Wow that is a nice turnaround :thumb:


----------



## VIPER (May 30, 2007)

'Turned out well' - you're not kidding :doublesho That's an amazing transformation! Top work there, fella


----------



## karburn (Feb 1, 2008)

Did you use a radiator brush or a MAGIC WAND? Looks fantastic. :thumb:


----------



## Thealchemistbmb (Sep 25, 2007)

Thanks for the comments guys!
The whole car took 13hrs in total but it turned out well considering the mess it was in......


----------



## Trist (Jun 23, 2006)

Cracking turnaround :thumb:


----------



## Waller (Jan 2, 2008)

:thumb: good work, fantastic difference!


----------



## peteb (Mar 8, 2006)

Top work , but come on you can't call that a Saab :doublesho ( classic C900 owner ) :lol:


----------



## Thealchemistbmb (Sep 25, 2007)

I have a 15yr old 93. (Great car) looks & drives superb!

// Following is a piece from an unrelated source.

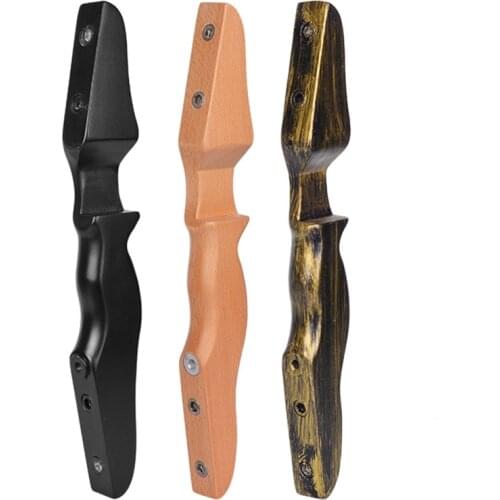 Straight Pull Bow Handle 39*6.5*3.5cm Split Handle Detachable Wooden Bow Riser Accessory for Outdoor Archery Hunting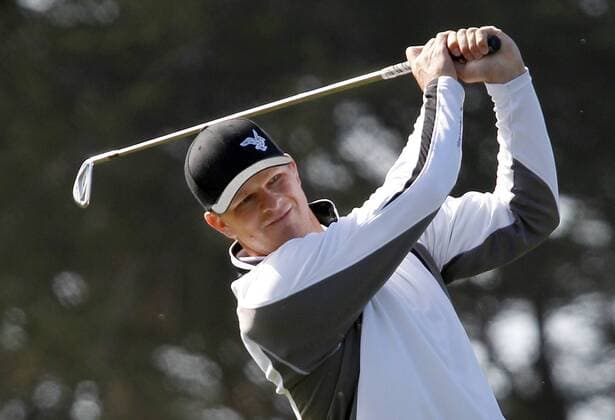 Feb. 7, 2013 - Pebble Beach, CA, USA - San Francisco Giants pitcher Matt Cain tees off on 17th hole during the first round of the Pebble Beach Pro-Am at the Monterey Peninsula Country Club Shore Course in Pebble Beach, California, on Thursday, February 7, 2013. Pebble Beach Pro-Am - ZUMAm67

I want a 900 turbo but the other half doesnt like them..... WOMEN!?!?!
Might see if i can swop it for one! Problem is though he may want a big bag of cash too when he finds out she cant cook...........


----------



## peteb (Mar 8, 2006)

:lol: nice one , good 900 turbo's are getting rare so they fetch top money , proper old school cars though :thumb:


----------



## Shanukes (Jun 17, 2007)

wow that does look great, nice work mate...can i ask jetwashing an engine bay, will it be bad for the engine? i want to use APC on my engine bay bit worried for the reason of damage


----------



## shaks59 (Nov 9, 2007)

Good job . Did you cover any electrics? I want to use my jet wash but always worried the damage i can cause to the engine.

Well done mate.:wave:


----------



## Dave KG (Feb 23, 2006)

Very nice turnaround there


----------



## Warduke (Sep 21, 2007)

Looks mint now matey..:thumb: ..top job well done.


----------



## Ade25 (Nov 2, 2007)

Excellent result !


----------